Eine Reporterin des „Wall Street Journal“ fragte den Verteidigungsbeamten, ob es einen Grund zu der Annahme gebe, „dass die Chinesen wollten, dass dies entdeckt wird?“ Der Beamte erklärte, dass er nicht spekulieren wolle. Sie solle das besser die chinesische Botschaft fragen. „Ich weiß nicht, warum sie getan haben, was sie getan haben. Ich werde sagen, dass es in der Vergangenheit nicht für längere Zeit über den kontinentalen Vereinigten Staaten herumlungerte. Es ist anders“, so der Beamte.

Vorerst kein Abschuss

Wie der Verteidigungsbeamte weiter erklärte, hätten sowohl Generalstabschef Mark Milley als auch der Kommandant des Nördlichen Kommandos der Vereinigten Staaten (NORTHCOM), General Glen D. VanHerck, dringend empfohlen, „keine kinetischen Maßnahmen zu ergreifen“ – den Ballon also nicht abzuschießen. Es sei zu befürchten, dass die Sicherheit von Menschen am Boden durch das mögliche Trümmerfeld gefährdet worden wäre. Die Größe des Ballons benannte der Beamte mit „beträchtlich“. Man habe ihn auch mit „bemannten Flugzeugen“ beobachtet.

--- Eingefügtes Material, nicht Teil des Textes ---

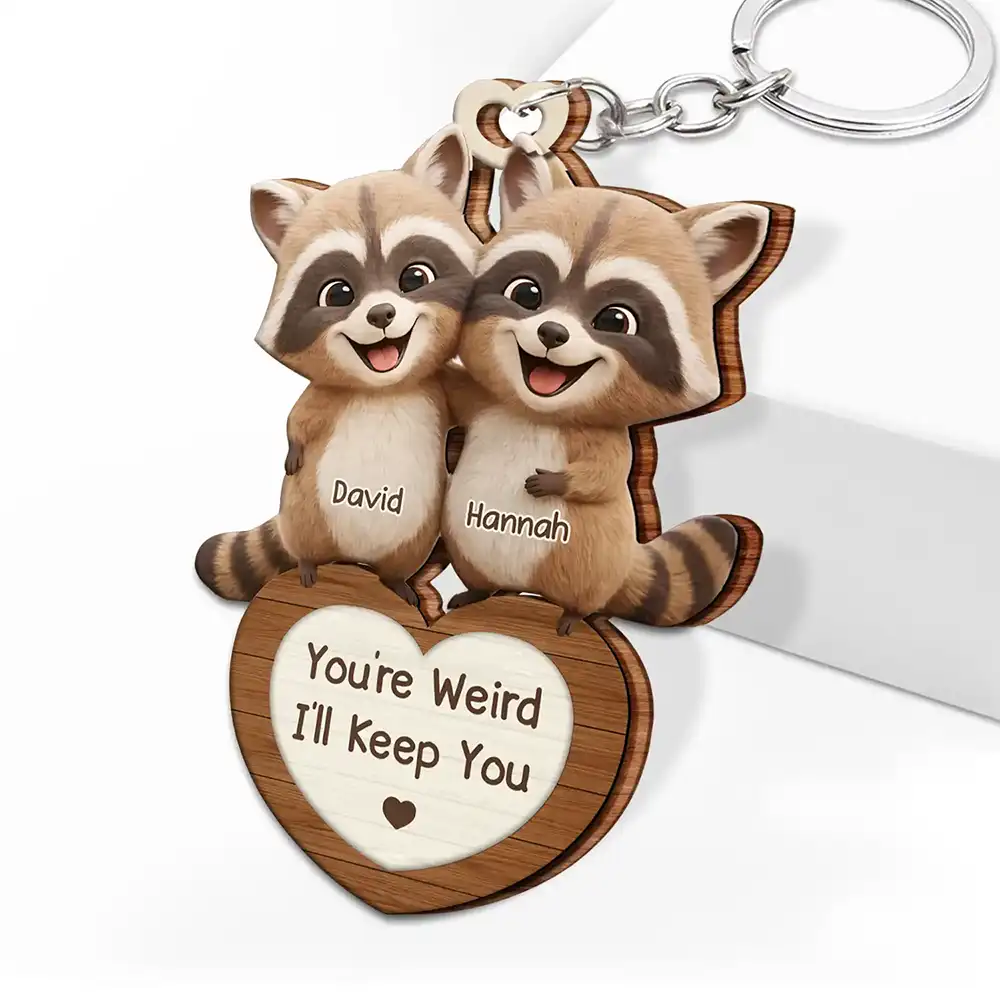 3D Effect Couple Raccoon You're Weird I'll Keep You - Personalized Wooden Keychain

Bei NBC war von F-22-Jägern die Rede.

Der Verteidigungsbeamte erklärte dazu, dass man sich eine Abschuss-Option in dieser Höhe für einige dünn besiedelte Gebiete in Montana angesehen habe, das Risiko aber nicht weit genug reduzieren konnte, um es bei gutem Gewissen schließlich zu empfehlen.